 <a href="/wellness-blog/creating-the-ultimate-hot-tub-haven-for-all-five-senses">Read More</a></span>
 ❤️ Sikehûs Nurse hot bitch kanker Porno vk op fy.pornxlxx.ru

════════

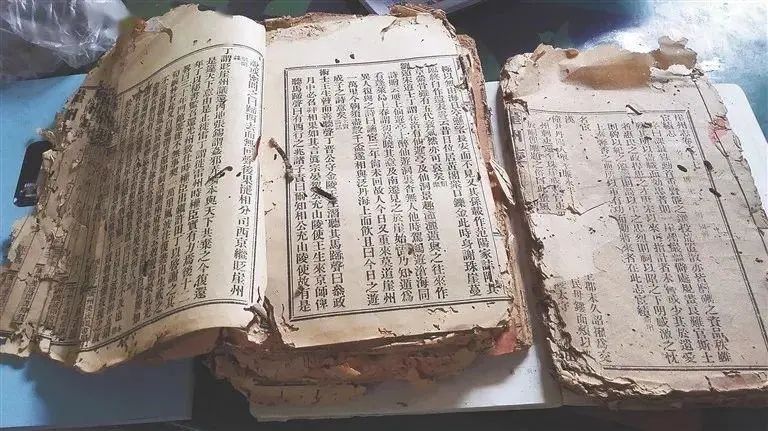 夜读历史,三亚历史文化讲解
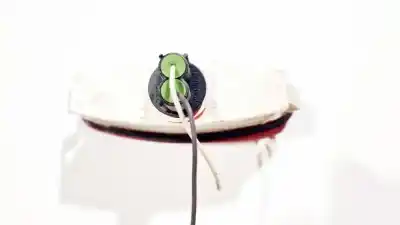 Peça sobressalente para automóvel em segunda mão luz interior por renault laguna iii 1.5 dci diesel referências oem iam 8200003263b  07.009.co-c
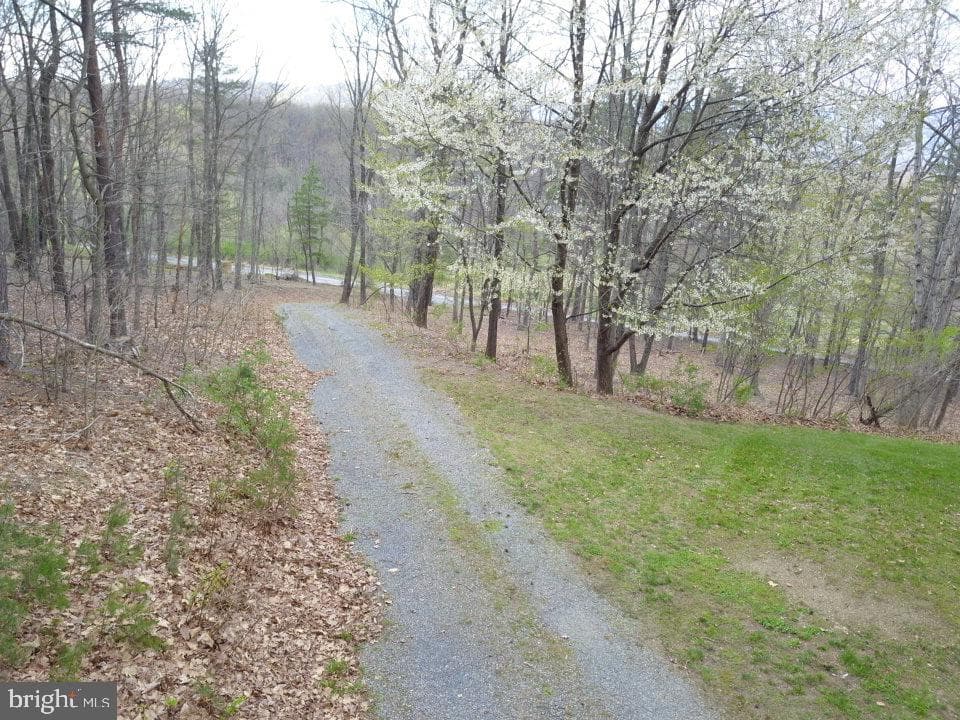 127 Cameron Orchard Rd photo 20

════════

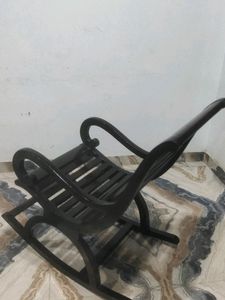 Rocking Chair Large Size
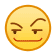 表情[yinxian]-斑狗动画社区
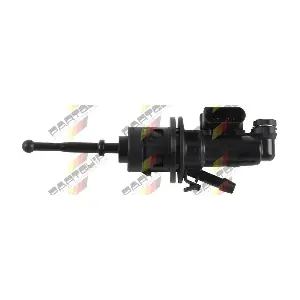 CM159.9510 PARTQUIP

════════

- **YOUR ASSIGNMENT**:
Copy only the lines above from the one containing "夜读历史,三亚历史文化讲解" through the one containing "127 Cameron Orchard Rd photo 20", both included. Leave out the pictures.

- **ANSWER SPACE**:
 夜读历史,三亚历史文化讲解
 Peça sobressalente para automóvel em segunda mão luz interior por renault laguna iii 1.5 dci diesel referências oem iam 8200003263b  07.009.co-c
 127 Cameron Orchard Rd photo 20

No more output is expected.